The evidence produced in connection with the appellants' motion for summary judgment includes proof, both photographic and testimonial, that repairs had been made in the area of the sidewalk where the plaintiff Lydia Botfeld tripped and fell. At his deposition, the appellant Lawrence Zirkin, a co-owner of the property which abuts the scene of the accident, testified that he had never hired anyone to repair the area in question, and stated that the condition of the sidewalk had not changed "for many years". However, at her deposition, Barbara Wischerth-Luckner, the tenant who leases the ground floor of Mr. Zirkin's building, testified that, on several occasions, Mr. Zirkin had hired a contractor to make certain repairs to the sidewalk. Ms. Wischerth-Luckner, who with her business partner and husband Philip Wischerth, operates a store at the subject premises under the name Craft-N-Things, Inc., also specifically denied that either she or her husband had ever made repairs to the sidewalk.

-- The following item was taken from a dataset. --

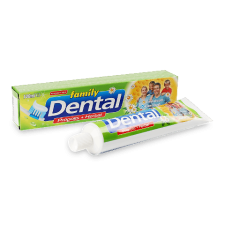Паста зубна Dental Family «Прополіс і трави» mini slide 1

It should be noted that, as far as the present record reflects, neither the appellant Sylvia Zirkin, a co-owner of the building in question, nor Philip Wischerth, the other partner in appellant Crafts-N-Things, Inc., were deposed. Whether these individuals might be in possession of relevant information is thus not clear. Further, it is not clear exactly why Ms. Wischerth-Luckner, who apparently observed repairs to the sidewalk being made, came to the conclusion that they were being made at the instance of Lawrence (or Sylvia) Zirkin. Nor is it clear as to when these repairs were allegedly made. While Ms. Wischerth-Luckner's testimony as to her actual observation of repairs would of course be admissible at trial, it is far from clear that she would be able to provide admissible evidence establishing that it was Mr. Zirkin, as opposed to some other party (such as, for example, her own partner) who in fact ordered that the repairs be made.

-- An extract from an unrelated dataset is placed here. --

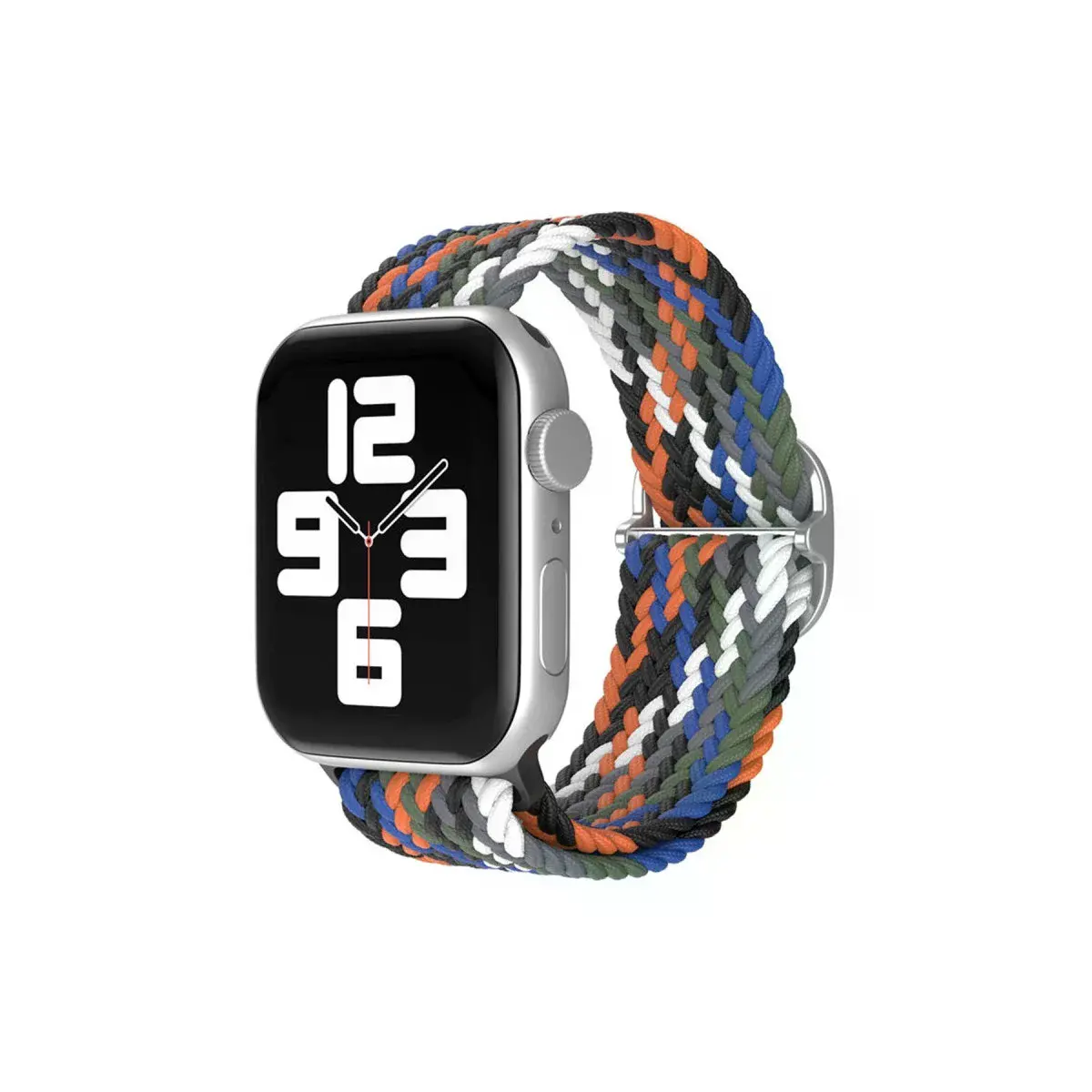 Watch 22mm  Kordon - Gri-turuncu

Under these circumstances, the motions for summary judgment were properly denied. The plaintiff has produced some evidence that repairs were made to the sidewalk, and has demonstrated the existence of issues of fact as to precisely when these repairs were made, precisely where they were made, whether they were made in a negligent manner, and whether they somehow contributed to the occurrence of the accident. The applicable rule of law is that an owner or tenant who negligently repairs a municipal sidewalk may be liable to a person who is injured as the result of that negligent repair (see generally, Tambaro v. City of New York, 140 A.D.2d 331; Forelli v. Rugino, 139 A.D.2d 489; Foley v Liogys, 124 A.D.2d 641; Becker v. City of New York, 106 A.D.2d 595). Given the obvious conflict between the testimony of Ms. Wischerth-Luckner and the testimony of Mr. Zirkin, it would be inappropriate to rely on either source of evidence in determining, as a matter of law, which of these defendants, if either, was ultimately responsible for the making of the repairs which were apparently made. Bracken, J.P., Sullivan, Harwood and Rosenblatt, JJ., concur.